Mentre scriveva i suoi libri, Sabrina Efionay ha finito il liceo e cominciato la triennale in Culture digitali della comunicazione, che però ci confessa di avere appena accantonato per iscriversi a Scienze politiche il prossimo settembre. Gli ultimi due anni sono stati decisivi per compiere alcune scelte, come l’uscita dall’anonimato che ha coinciso con la riappropriazione delle proprie radici. «In quel periodo la vita mi ha messo davanti parecchi interrogativi che necessitavano risposte» racconta a NRW. «Ho sempre vissuto sul filo della precarietà, una situazione pesante per me e per la mia famiglia italiana perché non essendo stata adottata legalmente, quando Gladys mi prendeva per le vacanze estive o a Natale, a volte pensavo che non mi avrebbe riportata indietro».

Poi, all’inizio del 2020 Efionayi ha dato una taglio netto al rapporto con sua madre e non ha più voluto vederla né sentirla per un paio di anni. «La scrittura di Addio, a domani mi ha aiutata a fare pace con questa situazione. Quando ho finito il libro avevo talmente tanta adrenalina che ho comprato un biglietto senza dirle niente e sono andata da lei, che ora abita vicino a Prato».
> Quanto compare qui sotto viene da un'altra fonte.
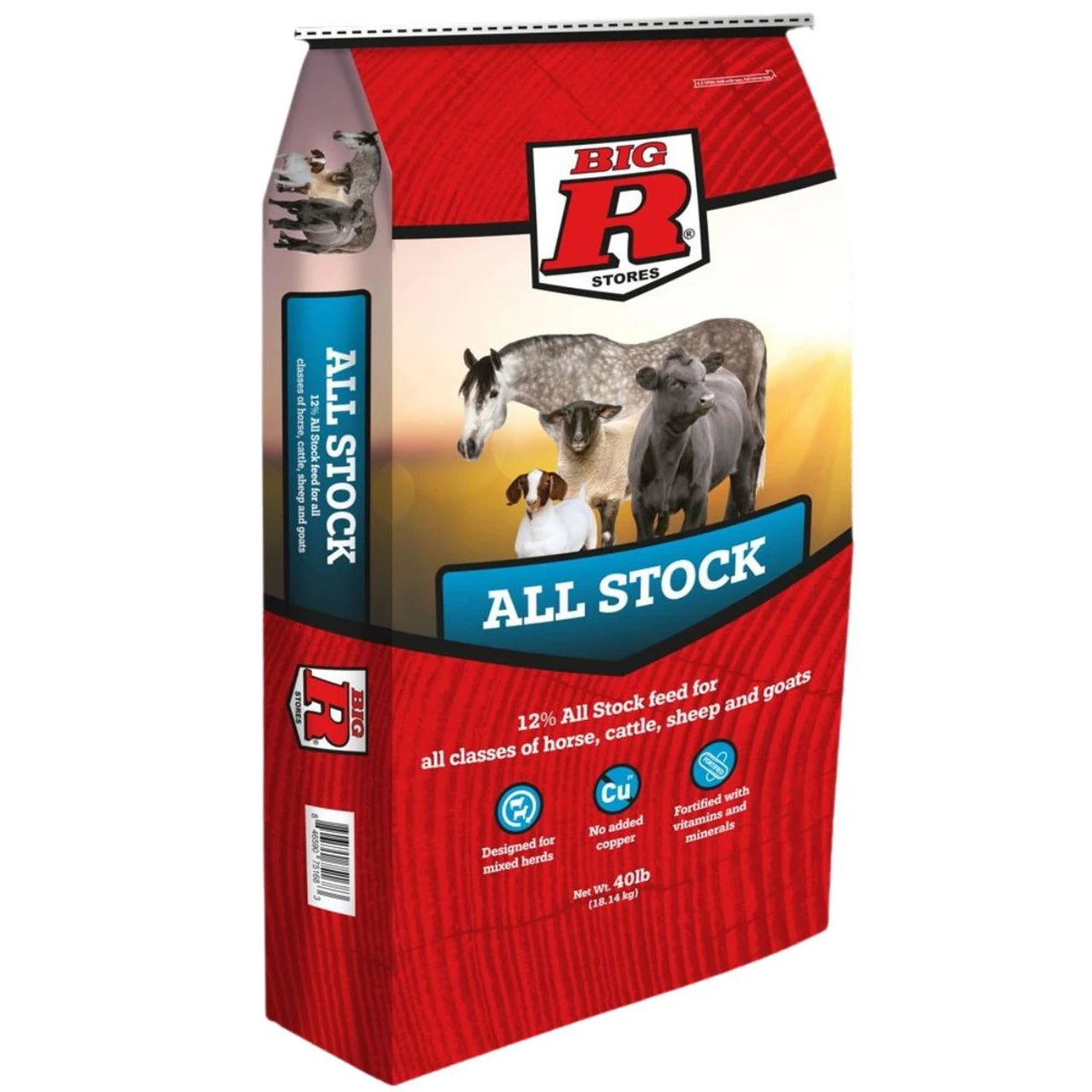 Big R 12% All Stock Feed - 40 Lbs.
Dal libro al podcast di Sabrina Efionayi

È arrivato proprio in questi giorni anche un podcast che dà voce ai protagonisti di Addio, a domani. Si intitola Storia del mio nome, per restare in tema di uscita dall’anonimato ed è prodotto da Spotify e Chora Media. «Efionayi è il cognome dell’uomo che ha accompagnato mia madre in ospedale quando ha partorito e che si è finto mio padre per permettermi di avere i documenti, visto che mio padre non si è presentato», racconta Efionayi anticipando alcuni dettagli di una storia sicuramente fuori dagli schemi. «Il nome Sabrina, invece, è quello della figlia della donna che ha messo sulla strada mia madre Gladys, una bambina che allora aveva circa dieci anni. Penso che mia madre abbia voluto addolcire un po’ questa donna, la sua madame, dato che era fortemente contraria alla mia nascita».
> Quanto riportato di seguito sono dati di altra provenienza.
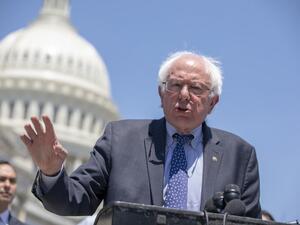 Senator Bernie Sanders (I-VT) speaks during a news conference regarding the separation of immigrant children at the U.S. Capitol on July 10, 2018 in Washington, DC. (AFP/ File)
Esiste una letteratura di seconda generazione?

In Italia Efionayi dice di seguire scrittrici come Igiaba Scego e Oiza QueensDay Obasuyi «che ha scritto una storia coloniale dal punto di vista di una persona nera» o Abdou Diouf, che definisce una persona immensa. E, sui contenuti della letteratura firmata da penne di origine straniera, constata il procedere in varie direzioni, che poi è anche la sua ricchezza. «La scrittura per me viaggia su un doppio binario, personale e intimo che riguarda il mio percorso di crescita e dall’altro lato la scrittura come divulgazione» spiega l’autrice.

“Si devono raccontare storie che possano far sentire scomode le persone, perché quando sei scomodo decidi di alzarti e fare qualcosa. È importante riconoscere il diritto a noi ragazzi di seconda generazione non solo di parlare ma di farlo nel modo che riteniamo più giusto. Non dobbiamo permettere agli altri di parlare per noi, dobbiamo farlo in prima persona”.

Quando tocchiamo il tema delle definizioni, che sono state al centro di tanti dibattiti nel periodo caldo dei movimenti di Black Lives Matter, secondo Sabrina Efionayi termini come postcoloniale hanno senso fino a un certo punto. «Non si deve dimenticare ciò che è accaduto storicamente ma bisogna anche liberare i corpi neri da un certo tipo di linguaggio coloniale. Ormai questa generazione ha ricominciato da capo rispetto al passato e stiamo già vivendo in una fase proiettata nel futuro». Ed è proprio da qui che dovrebbero partire i futuri scrittori, ai quali Efionayi suggerisce di «scegliere una storia, custodirla e battersi per lei senza permettere a nessuno di criticare le ragioni per cui si è scelta».